> _Prompt_:
Return every record below exactly as written, but leave out the pictures.

┌─ Available records

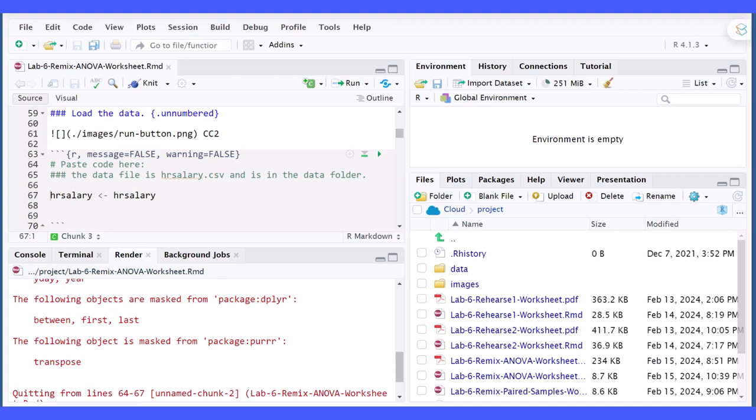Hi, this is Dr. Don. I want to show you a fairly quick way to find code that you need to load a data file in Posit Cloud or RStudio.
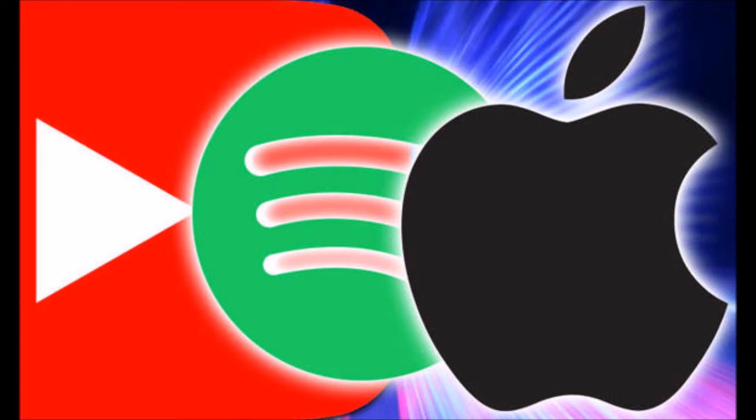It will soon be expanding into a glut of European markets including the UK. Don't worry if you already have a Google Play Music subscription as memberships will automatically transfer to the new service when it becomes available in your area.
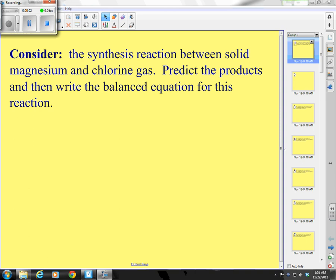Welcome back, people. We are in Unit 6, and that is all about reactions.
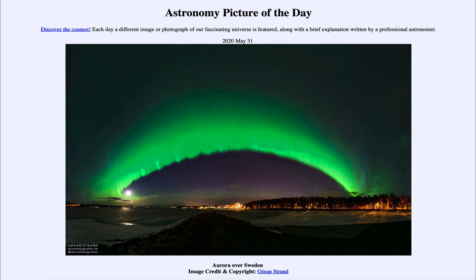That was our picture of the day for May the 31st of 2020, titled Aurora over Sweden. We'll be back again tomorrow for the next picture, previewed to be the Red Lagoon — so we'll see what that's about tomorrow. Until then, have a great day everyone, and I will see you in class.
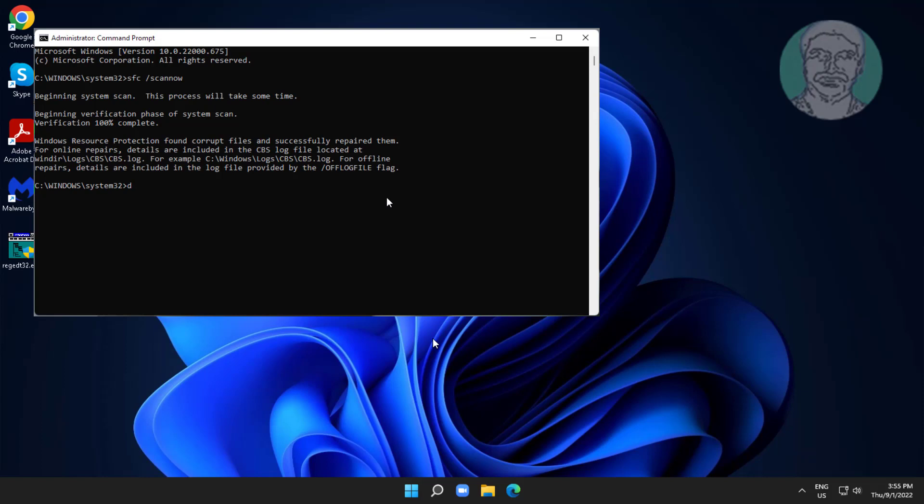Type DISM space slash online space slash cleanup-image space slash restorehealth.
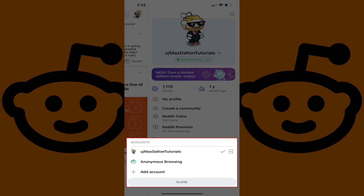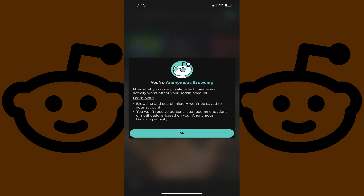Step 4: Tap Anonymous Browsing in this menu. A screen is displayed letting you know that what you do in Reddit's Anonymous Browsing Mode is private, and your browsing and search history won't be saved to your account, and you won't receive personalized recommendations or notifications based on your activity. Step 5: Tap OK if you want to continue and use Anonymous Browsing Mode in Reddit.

└─

> _Written response_:
Hi, this is Dr. Don. I want to show you a fairly quick way to find code that you need to load a data file in Posit Cloud or RStudio.
It will soon be expanding into a glut of European markets including the UK. Don't worry if you already have a Google Play Music subscription as memberships will automatically transfer to the new service when it becomes available in your area.
Welcome back, people. We are in Unit 6, and that is all about reactions.
That was our picture of the day for May the 31st of 2020, titled Aurora over Sweden. We'll be back again tomorrow for the next picture, previewed to be the Red Lagoon — so we'll see what that's about tomorrow. Until then, have a great day everyone, and I will see you in class.
Type DISM space slash online space slash cleanup-image space slash restorehealth.
Step 4: Tap Anonymous Browsing in this menu. A screen is displayed letting you know that what you do in Reddit's Anonymous Browsing Mode is private, and your browsing and search history won't be saved to your account, and you won't receive personalized recommendations or notifications based on your activity. Step 5: Tap OK if you want to continue and use Anonymous Browsing Mode in Reddit.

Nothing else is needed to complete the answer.